Screening

There is no evidence to support screening in the general population. Although the condition is common, it has a classical presentation (abnormal vaginal bleeding) and good prognosis with effective treatment (surgery). For all women, an enquiry should be made for peri-menopausal or post-menopausal vaginal bleeding during routine health checks. ACOG: well-woman health care Opens in new window

Women with personal history or a significant family history consistent with Lynch syndrome may benefit from genetic risk assessment. Identification of Lynch syndrome allows for risk-reduction strategies, surveillance for early detection, and cascade testing (counselling and testing of blood relatives of individuals identified with a specific genetic mutation).

Women with Lynch syndrome should be offered regular endometrial biopsy because of their high risk of endometrial cancer (35% to 54% lifetime risk).[74]​​[75]​​[90]

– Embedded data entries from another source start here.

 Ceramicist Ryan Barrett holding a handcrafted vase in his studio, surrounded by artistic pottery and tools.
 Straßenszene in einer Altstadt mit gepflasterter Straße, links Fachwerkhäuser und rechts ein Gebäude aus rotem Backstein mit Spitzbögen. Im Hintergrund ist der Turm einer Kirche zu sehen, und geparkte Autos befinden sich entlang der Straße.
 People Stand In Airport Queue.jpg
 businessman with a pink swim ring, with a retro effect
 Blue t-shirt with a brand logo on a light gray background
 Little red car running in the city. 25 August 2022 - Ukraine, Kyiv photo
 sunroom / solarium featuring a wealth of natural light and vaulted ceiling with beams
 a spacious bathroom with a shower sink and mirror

Screening for Lynch syndrome

A careful personal and family history may identify patients at increased risk of Lynch syndrome who should be offered genetic risk assessment (including counselling and genetic testing) for Lynch syndrome.[74][75]​​

Criteria for evaluation of Lynch syndrome include:[74]

  • Blood relative with a known Lynch syndrome pathogenic variant.

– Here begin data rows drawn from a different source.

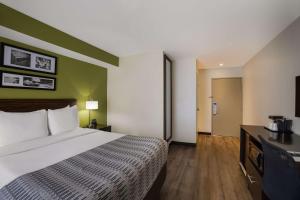 A bed or beds in a room at SureStay Plus by Best Western Mesa Superstition Springs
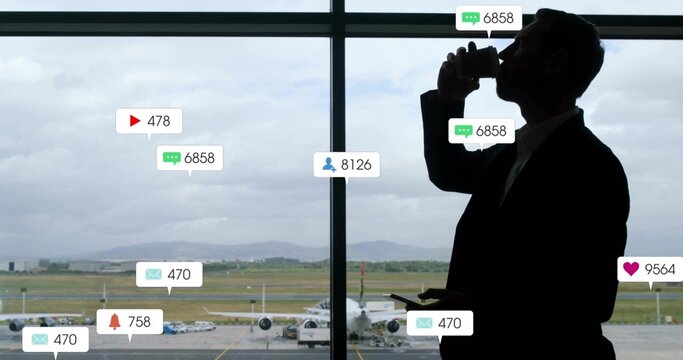 Man holding coffee cup checking phone at airport gate window with jet, notifications, copy space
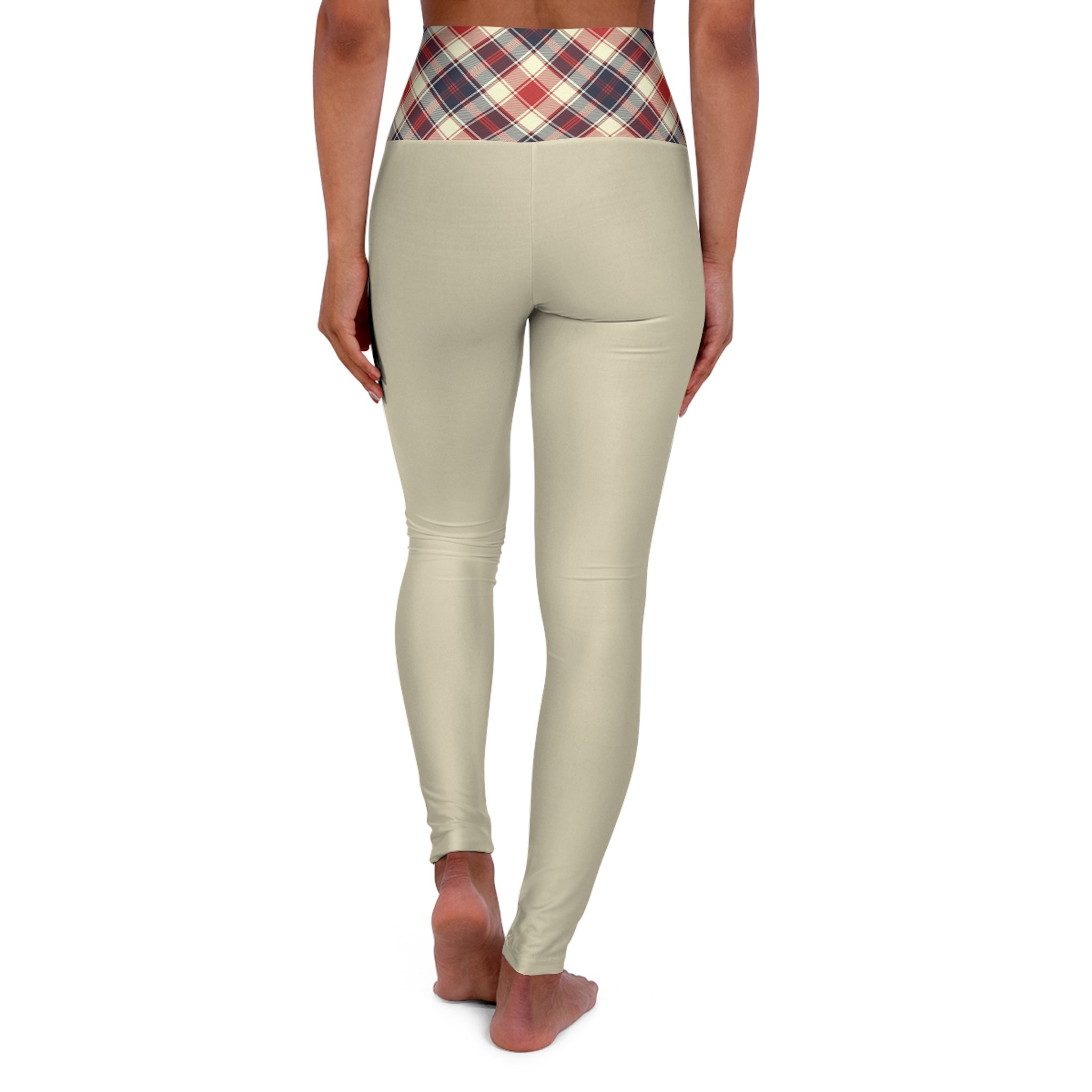 Rear view of a model wearing high-waisted beige leggings with a red, blue, and white plaid waistband, standing barefoot against a white background.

  • Personal history of a tumour with MMR deficiency.

  • Personal history of a Lynch syndrome-related cancer with diagnosis at age <50 years, or with a synchronous or metachronous related cancer, or with a strong family history of related cancer, or with a strong family history of related cancers.

  • Family history including a first-degree relative with colorectal and/or endometrial cancer with diagnosis at age <50 years, or with a synchronous or metachronous Lynch syndrome-related cancer, or with additional first- or second-degree relatives with related cancers.

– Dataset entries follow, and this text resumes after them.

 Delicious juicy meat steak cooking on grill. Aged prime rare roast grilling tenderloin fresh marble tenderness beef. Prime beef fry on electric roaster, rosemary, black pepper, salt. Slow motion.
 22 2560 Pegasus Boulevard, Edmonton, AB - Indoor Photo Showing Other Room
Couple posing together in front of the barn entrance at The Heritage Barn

Genetic testing for a specific pathogenic variant can be carried out, if known; germline multigene panel testing is recommended if the variant is unknown.[74]

If Lynch syndrome is confirmed, offer timely cascade testing.[135]

Surveillance for women with Lynch syndrome

Endometrial biopsy every 1 or 2 years, starting at age 30 to 35 years, is recommended for women with Lynch syndrome.[74][75]​​

Transvaginal ultrasound may be considered in postmenopausal patients with Lynch syndrome, although it lacks diagnostic accuracy.[75]​ Transvaginal ultrasound is not recommended in premenopausal patients because of variation in endometrial stripe thickness during the menstrual cycle.[74]

Women with Lynch syndrome may benefit from a prophylactic, risk-reducing hysterectomy after completion of child-bearing.[36][37][75][89]​​​​​​[90]​​​​[136]​​ Prophylactic bilateral salpingo-oophorectomy (BSO) may also be beneficial because of the high risk of ovarian cancer associated with some Lynch syndrome mutations.​​​​[74][75][91]​ See Primary prevention.

Screening women treated with tamoxifen

Pre-menopausal women treated with tamoxifen have no increased risk of endometrial cancer and, as such, require no additional monitoring beyond routine gynaecological care.[69]

Routine endometrial surveillance has not been found to be effective in increasing the early detection of endometrial cancer in post-menopausal women using tamoxifen who are not at high risk for endometrial cancer.[137][138] Such surveillance may lead to more invasive and costly diagnostic procedures and is not, therefore, recommended.[139][140]

Although screening with ultrasound for thickened endometrial stripe has been advocated (as there is a >7-fold increased risk of endometrial cancer in women with breast cancer exposed to tamoxifen), no clear survival advantage has been demonstrated over clinical surveillance for post-menopausal vaginal bleeding.[68]

Ultrasound may have a role prior to commencing tamoxifen to identify pre-existing benign lesions.[66][68]